Deeply Learning 3: Mean Squared Error Loss Implementation from Scratch

Deeply learning one concept at a time. In this post, we will implement mean squared error loss from scratch.

Introduction

Mean squared error (MSE) loss is a commonly used loss function for regression problems. It measures the average squared difference between the predicted values and the ground truth values. The formula for MSE loss is:

\[\text{MSE} = \frac{1}{N} \sum_{i=1}^{N} (y_i - \hat{y}_i)^2\]

Where:

• $N$ is the number of samples
• $y_i$ is the true value for the $i$-th sample
• $\hat{y}_i$ is the predicted value for the $i$-th sample
• $\sum$ denotes the summation over all samples

Core Concept

The core concept behind the mean squared error loss is to penalize the model for making predictions that are far from the true values. By squaring the differences, we ensure that larger errors are penalized more heavily than smaller ones. The MSE loss is smooth and differentiable, which makes it suitable for optimization using gradient descent.

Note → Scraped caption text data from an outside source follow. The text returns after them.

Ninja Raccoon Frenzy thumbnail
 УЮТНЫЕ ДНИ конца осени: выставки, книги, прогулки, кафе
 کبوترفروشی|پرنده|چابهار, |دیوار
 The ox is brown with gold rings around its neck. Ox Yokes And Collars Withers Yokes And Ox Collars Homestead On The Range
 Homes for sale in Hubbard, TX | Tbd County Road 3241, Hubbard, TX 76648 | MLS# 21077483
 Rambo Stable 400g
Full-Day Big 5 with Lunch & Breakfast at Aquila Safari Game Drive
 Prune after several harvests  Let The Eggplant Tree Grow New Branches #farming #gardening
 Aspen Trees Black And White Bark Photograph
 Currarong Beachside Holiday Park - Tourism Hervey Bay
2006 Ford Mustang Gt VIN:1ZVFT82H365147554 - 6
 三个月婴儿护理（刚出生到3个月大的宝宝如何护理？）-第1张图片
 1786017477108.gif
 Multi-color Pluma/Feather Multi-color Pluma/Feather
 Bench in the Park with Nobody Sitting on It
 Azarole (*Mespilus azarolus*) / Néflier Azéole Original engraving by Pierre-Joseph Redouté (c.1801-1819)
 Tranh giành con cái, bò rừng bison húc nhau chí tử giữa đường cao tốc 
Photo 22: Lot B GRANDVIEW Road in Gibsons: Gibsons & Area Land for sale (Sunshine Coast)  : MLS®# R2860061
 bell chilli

Implementation from Scratch

Let’s implement the mean squared error loss from scratch as a Pytorch module. We then compare our implementation with the built-in torch.nn.MSELoss to ensure correctness. PyTorch also supports mean squared error loss with an optional reduction parameter that can be set to 'mean', 'sum', or 'none' to specify how the loss should be aggregated across the batch.

import torch
import torch.nn as nn
import torch.nn.functional as F
from jaxtyping import Float, Int

class MSELossFromScratch(nn.Module):
  def __init__(self, reduction: str = "mean"):
    super().__init__()
    self.reduction = reduction

  def forward(
    self,
    y_pred: Float[torch.Tensor, "batch_size output_dim"],
    y_true: Float[torch.Tensor, "batch_size output_dim"]
    ) -> Float[torch.Tensor, ""]:
    """Computes the Mean Squared Error (MSE) loss between the predicted and true values."""
    # Ensure that the input tensors have the same shape
    assert y_pred.shape == y_true.shape, "Shape of y_pred and y_true must be the same"
    squared_diff = (y_pred - y_true) ** 2
    if self.reduction == "mean":
      mse_loss = squared_diff.mean()
    elif self.reduction == "sum":
      mse_loss = squared_diff.sum()
    else:
      mse_loss = squared_diff

    return mse_loss

# A simple test case to verify the implementation
torch.manual_seed(123)
y_pred = torch.randn(5, 3) # Predicted values (batch_size=5, output_dim=3)
y_true = torch.randn(5, 3) # True values (batch_size=5, output_dim=3)
mse_loss_fn = MSELossFromScratch()
loss = mse_loss_fn(y_pred, y_true)
print(f"MSE Loss: {loss.item():.4f}")

torch_loss_fn = nn.MSELoss()
torch_loss = torch_loss_fn(y_pred, y_true)
print(f"PyTorch MSE Loss: {torch_loss.item():.4f}")

mse_loss_fu_sum = MSELossFromScratch(reduction="sum")
loss_sum = mse_loss_fu_sum(y_pred, y_true)
print(f"MSE Loss (sum reduction): {loss_sum.item():.4f}")

torch_loss_sum = nn.MSELoss(reduction="sum")
torch_loss_sum_value = torch_loss_sum(y_pred, y_true)
print(f"PyTorch MSE Loss (sum reduction): {torch_loss_sum_value.item():.4f}")

MSE Loss: 1.0232
PyTorch MSE Loss: 1.0232
MSE Loss (sum reduction): 15.3479
PyTorch MSE Loss (sum reduction): 15.3479

Key Takeaways

• Mean squared error loss measures the average squared difference between predicted and true values.
• It penalizes larger errors more heavily, encouraging the model to make more accurate predictions.
• The gradient of the loss with respect to the predicted values is used for backpropagation during training.